A July heat wave that set more than 2,300 daily high-temperature records across the nation and 50 new all-time records contributed to an average temperature between June and August of 74.5 degrees Fahrenheit. That's just shy of the 1936 record of 74.7 degrees and well above the 20th century average of 72.1 degrees.
The warm summer helped make the first nine months of the year the warmest January-to-August period since recordkeeping began in 1895, surpassing a record set in 1934, the National Oceanic and Atmospheric Administration said.
Eight of the past 10 U.S. summers have had above-average temperatures, NOAA said.

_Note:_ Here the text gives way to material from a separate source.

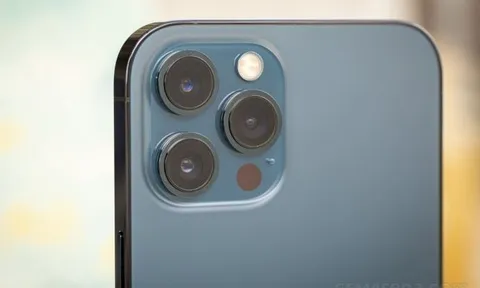 iPhone 12 Pro Max rẻ như cho sau Tết, vẫn đỉnh nóc về thiết kế, cũ nhưng mượt như Galaxy S24 Ultra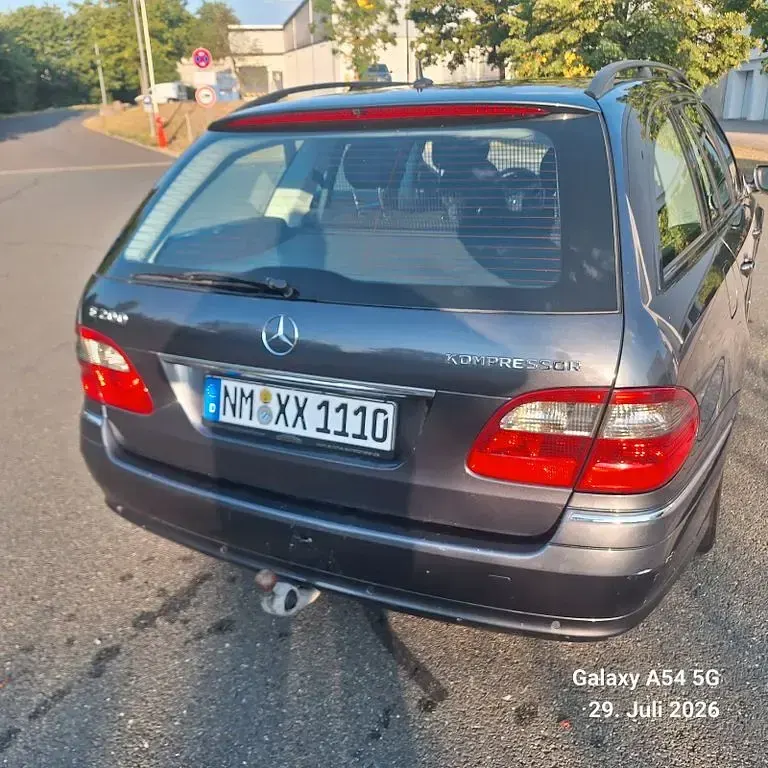 Gebraucht Mercedes E200 Elegance 184 PS (135 kW) 2008 Grau Limousine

Globally, the Northern Hemisphere, including land- and ocean-surface temperatures, had its third-warmest summer since recordkeeping began in 1880, forecasters said.
The warmest Northern Hemisphere summer was in 1998, they said.
The Dust Bowl's drought and dust storms, which afflicted parts of the U.S. for as many as eight years beginning in the 1930s, have been immortalized in books and films — including John Steinbeck's "The Grapes of Wrath" — with images of "black blizzards," clouds of dust and sand that obscured the sun for days at a time.